Kazimierz Glaz le fondateur du sensibilisme

 Kazimierz Głaz est diplômé de l'Académie des Beaux-Arts de Wrocław, créateur du terme "sensibilisme", un courant dans l'art du XXe siècle, se référant uniquement à l'intelligence et à la sensibilité des artistes. Glaz est peintre, graphiste, écrivain, éditeur de livres, bibliophiles, philanthrope. À la Biennale de la Jeunesse de Paris en 1965, sur proposition de Marc Chagall, il reçoit le Prix Érasme, en tant que boursier de la Fondation Károlyi. Il séjourne également dans le sud de la France à Vence. Les peintures de Kazimierz Glaz ont été présentées dans de nombreuses expositions collectives et individuelles au Canada, aux États-Unis, en France, en Allemagne, au Brésil et en Pologne, notamment à la célèbre galerie d’art contemporain Zachęta à Varsovie, au Musée national de Wrocław ou au Centre culturel international de Cracovie. Depuis plus de 50 ans, il vit et travaille à Toronto. Ses œuvres se trouvent dans de nombreux musées en Pologne et à l'étranger.
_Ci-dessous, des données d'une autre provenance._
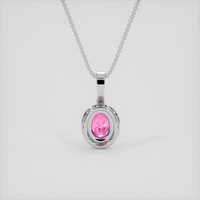 1.53 Ct. Pink Sapphire Pendant, 18K White Gold 4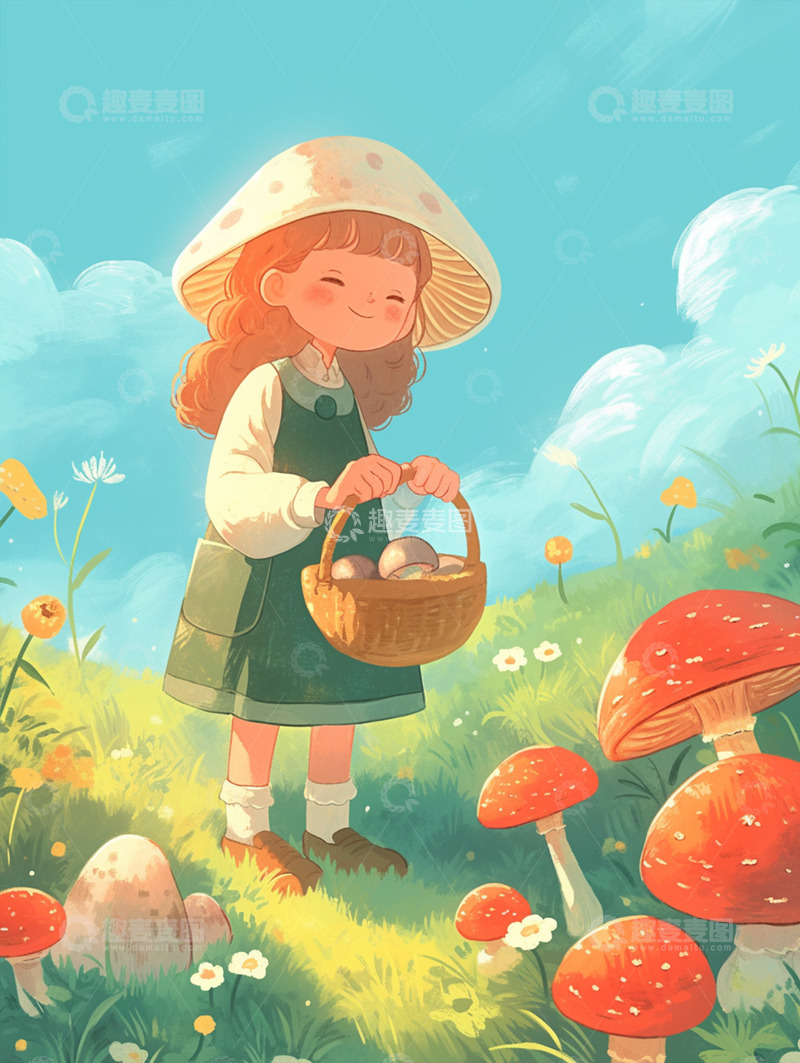 高清大图下载【趣麦麦图】唯美治愈系梦幻插画素材1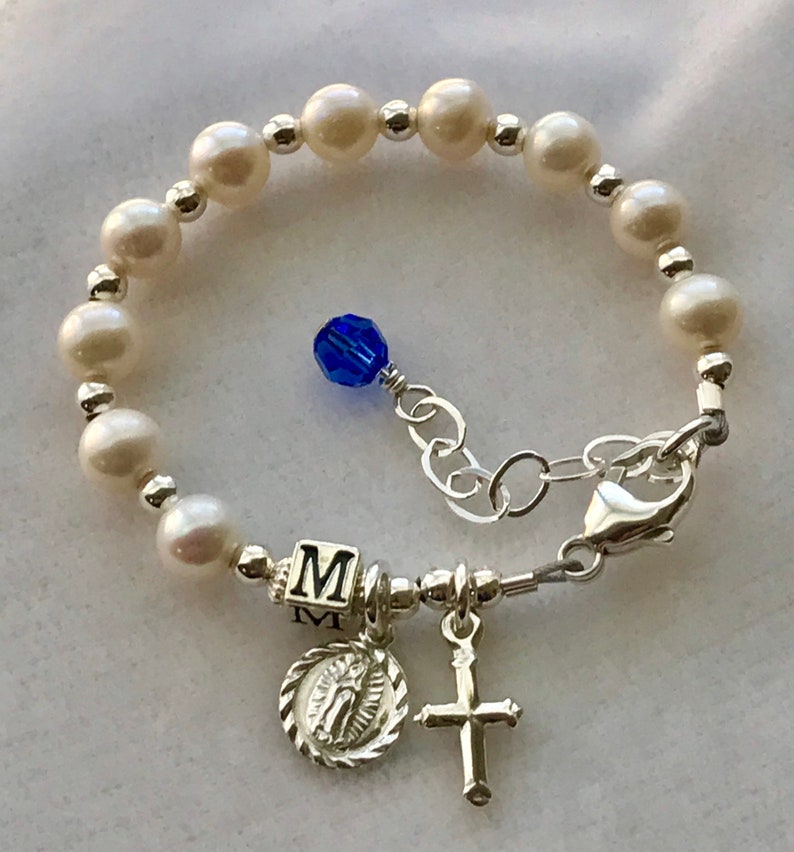 Real Pearl Baptism Initial Rosary Bracelet First Communion Etsy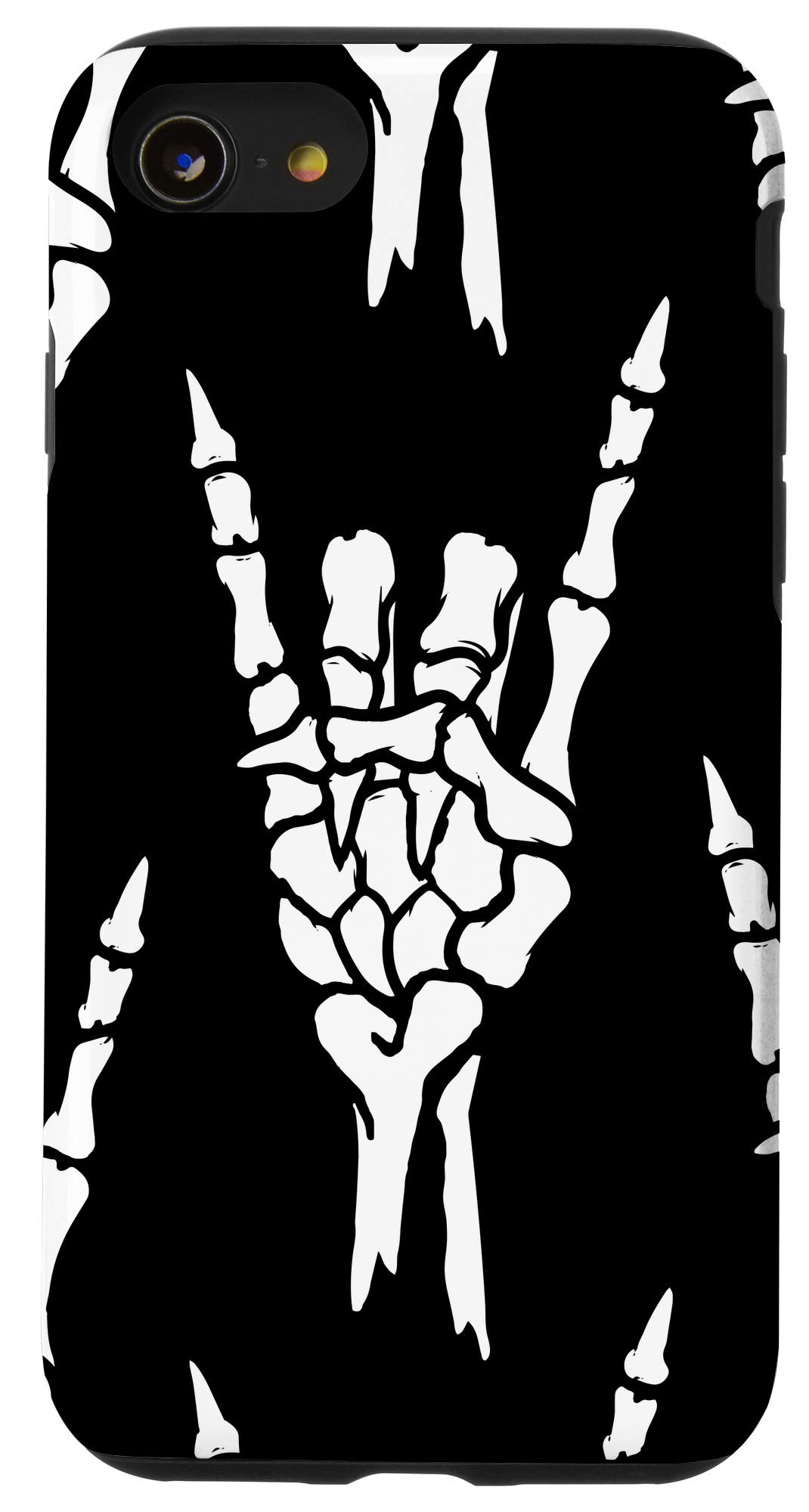 iPhone SE (2020) / 7 / 8 Devil Horns Skeleton Hand Metal Phone Case - Gothic Satanic Horror Design with Broken Bones Pattern - Perfect for Halloween, Metal Concerts and Dark Fashion Lovers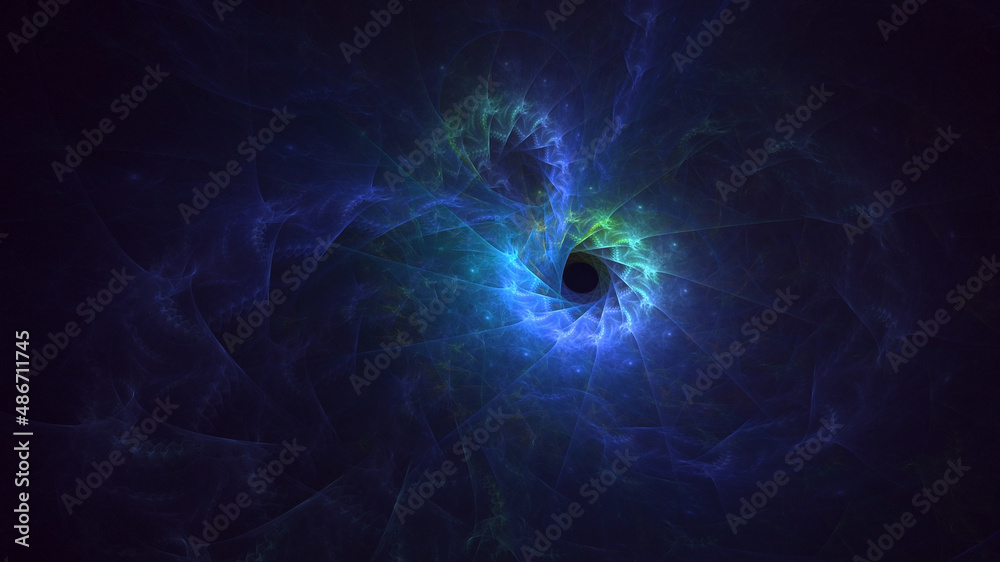 Obraz premium 3D rendering abstract blue fractal light background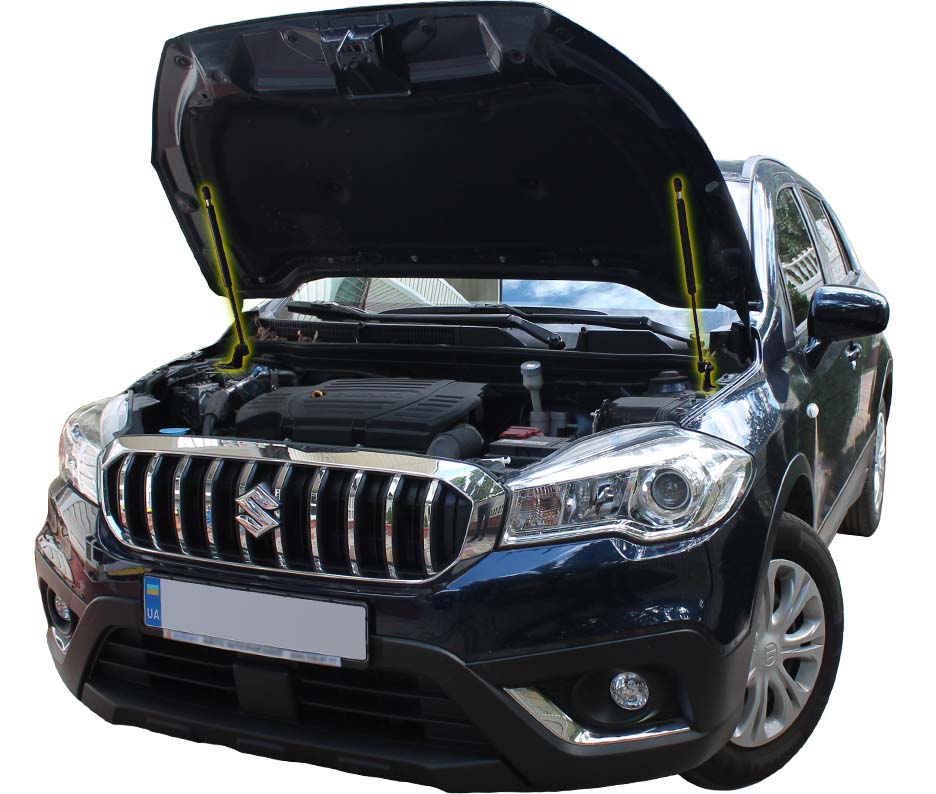 Hood strut kit installed on the Suzuki SX4 2nd Gen (JY)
Ésotérique”, gouache, Musée de Silésie à Katowice
 
Ésotérique”, gouache, Musée de Silésie à Katowice

 

Débuts 

Kazimierz Głaz est né en 1931 à Borki Nizinskie, dans le sud-est de la Pologne. En 1950-1956, il étudie la peinture monumentale à la Faculté de céramique et de verre de l'École supérieure d'État des beaux-arts, aujourd'hui l'Académie de Wroclaw. Le jeune artiste, comme beaucoup de ses confrères de l'époque, cherche sa propre voie artistique et ses propres moyens d'expression. Il s’installe ensuite Walbrzych, où il effectue son stage de diplôme. Il est le premier résident artiste à produire des lithographies et travaille dans l'atelier graphique Kalkomania. L’environnement de cette petite ville, proche de la frontière tchèque, un véritable désert culturel, avec ses paysages vallonés et naturels, est pour lui plus intéressant que celui de grandes villes. Comme le rappelle Kazimierz Glaz, "il a ressenti le besoin de faire quelque chose là-bas, d'agir". C'est à Walbrzych qu'est né le sensibilisme.

 

Sans titre, gouache, Galerie Zacheta à Varsovie, photo Anna Pietrzak-Bartos
"L'Essence'', huile sur toile, Centre de la sculpture polonaise à Oronsko


Sensibilisme

Kazimierz Glaz crée d'abord le „berceau indépendant du sensibilisme”, il s'agit de représentations théâtrales avec des acteurs professionnels, organisées dans des cafés. En 1957, un spectacle intitulé „Le sensibilisme, c'est-à-dire, ne pas faire du public un ballon” (qu’on pourrait traduire en français par „ne pas prendre les gens pour des poires”), préparé avec Michal Jedrzejewski et un groupe d'amis de Wroclaw. La représentation est considérée comme le premier événement du genre en Pologne.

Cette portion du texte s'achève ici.